Only one stretch of the records below is wanted: the lines from the one holding "哥哥交了女友后，我成了童养媳" through the one holding "iwatch7怎么换表盘". Return it exactly, both ends included.
** RECORDED INFORMATION follows **
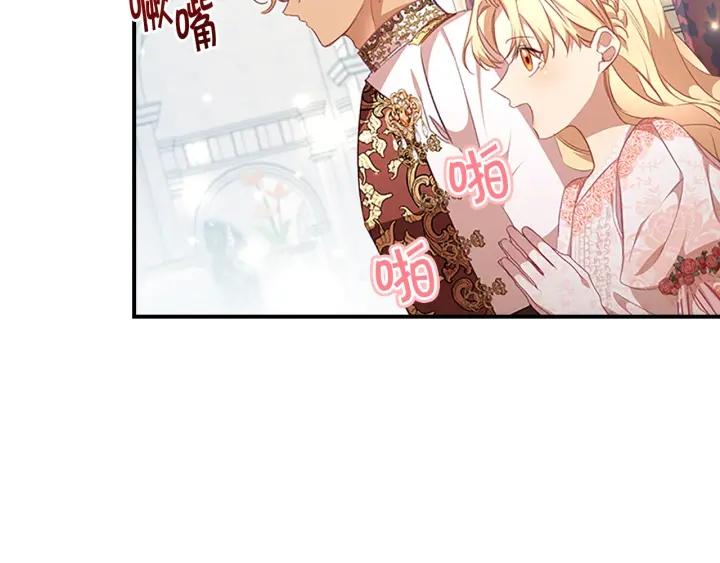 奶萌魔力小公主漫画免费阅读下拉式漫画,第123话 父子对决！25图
** End of RECORDED INFORMATION **
** RECORDED INFORMATION follows **
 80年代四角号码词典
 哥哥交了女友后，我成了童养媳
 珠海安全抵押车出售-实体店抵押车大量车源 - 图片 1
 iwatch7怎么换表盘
** End of RECORDED INFORMATION **
### RESULT
 哥哥交了女友后，我成了童养媳
 珠海安全抵押车出售-实体店抵押车大量车源 - 图片 1
 iwatch7怎么换表盘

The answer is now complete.